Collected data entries
Start of Block
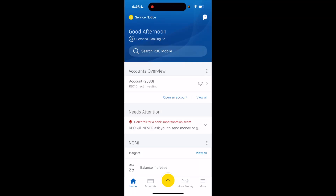In this RBC app tutorial video, I'll be showing you how to send an e-Transfer using the RBC mobile application. Once you open up RBC, go to the bottom right area where it says Move Money and press on Move Money.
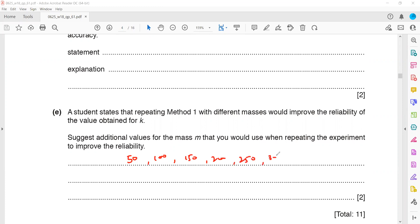When we repeat the experiment with different sets of loads, we can identify the errors or sources of error and rectify them by using different values.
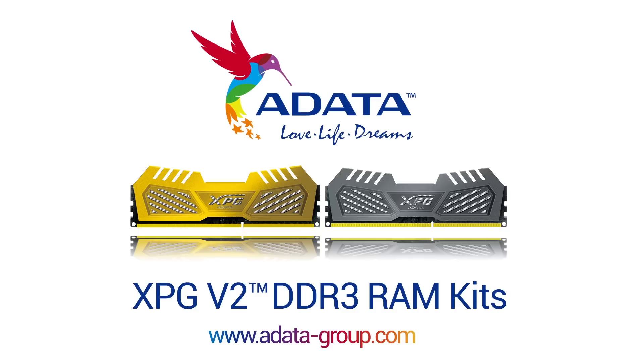ADATA XPG V2 Memory Kits are optimized for the latest Intel gaming platforms. Check the link in the video description for more details.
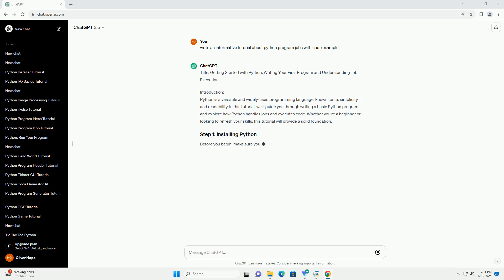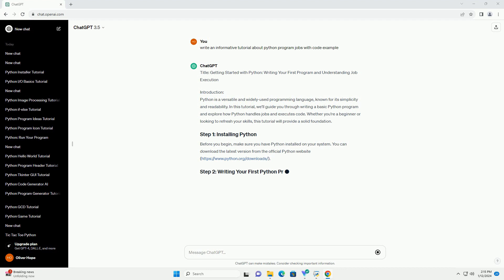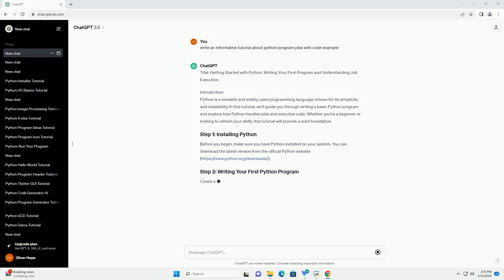Before you begin, make sure you have Python installed on your system.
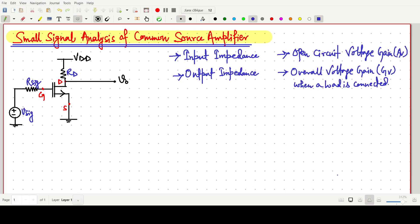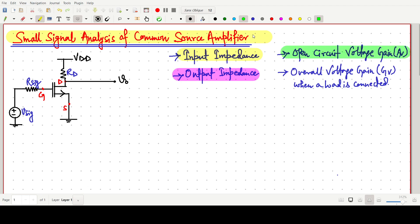Welcome everyone. In this video lecture we will think about the small signal analysis of a common source amplifier. This is the very basic common source amplifier circuit. We have a MOSFET with gate, drain, and source terminals. We are giving a signal source to the gate terminal with some resistance R_signal, a drain resistance RD, and a VDD supply. We need to find the input impedance, output impedance, open circuit voltage gain, and overall voltage gain when a load RL is connected.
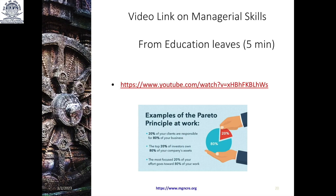Let us watch a beautiful video from Education Leaves, just 5 minutes duration, totally on managerial skills. Thank you very much for watching this video. Jai Hind.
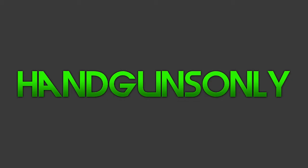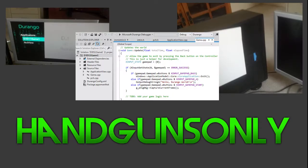What's going on guys, handguns only here bringing you some news about the Xbox 720, if that's what it's going to be called when it's released. Basically I'm going to be talking about the development kit related towards it, the nickname for this development kit is called Durango.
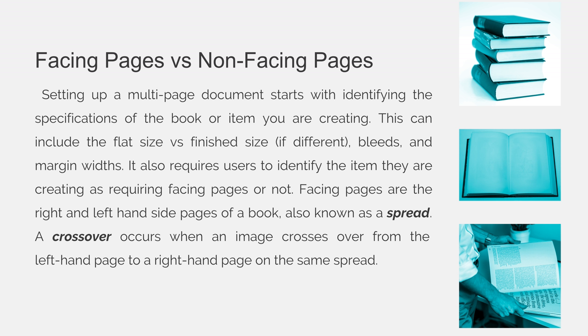Facing pages are the right and left-hand side pages of a book, also known as a spread. A crossover occurs when an image crosses over from the left-hand page to a right-hand page on the same spread.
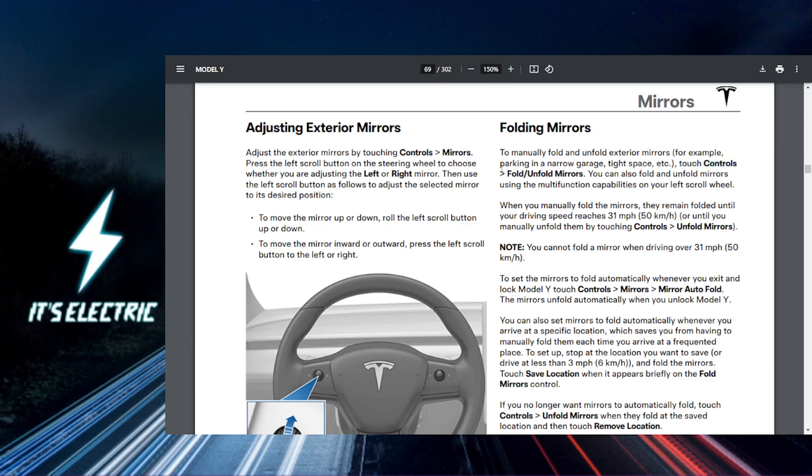So in the mirror settings, you should see an option that is labeled auto-fold. This is what it's going to be called, or fold/unfold mirrors. That is what it's going to be called.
End of Block
* PROBLEM TO WORK ON: Each word of the data should be repeated exactly, and the pictures left out.

* SOLUTION FOR THIS PROBLEM:
In this RBC app tutorial video, I'll be showing you how to send an e-Transfer using the RBC mobile application. Once you open up RBC, go to the bottom right area where it says Move Money and press on Move Money.
When we repeat the experiment with different sets of loads, we can identify the errors or sources of error and rectify them by using different values.
ADATA XPG V2 Memory Kits are optimized for the latest Intel gaming platforms. Check the link in the video description for more details.
Before you begin, make sure you have Python installed on your system.
Welcome everyone. In this video lecture we will think about the small signal analysis of a common source amplifier. This is the very basic common source amplifier circuit. We have a MOSFET with gate, drain, and source terminals. We are giving a signal source to the gate terminal with some resistance R_signal, a drain resistance RD, and a VDD supply. We need to find the input impedance, output impedance, open circuit voltage gain, and overall voltage gain when a load RL is connected.
Let us watch a beautiful video from Education Leaves, just 5 minutes duration, totally on managerial skills. Thank you very much for watching this video. Jai Hind.
What's going on guys, handguns only here bringing you some news about the Xbox 720, if that's what it's going to be called when it's released. Basically I'm going to be talking about the development kit related towards it, the nickname for this development kit is called Durango.
Facing pages are the right and left-hand side pages of a book, also known as a spread. A crossover occurs when an image crosses over from the left-hand page to a right-hand page on the same spread.
So in the mirror settings, you should see an option that is labeled auto-fold. This is what it's going to be called, or fold/unfold mirrors. That is what it's going to be called.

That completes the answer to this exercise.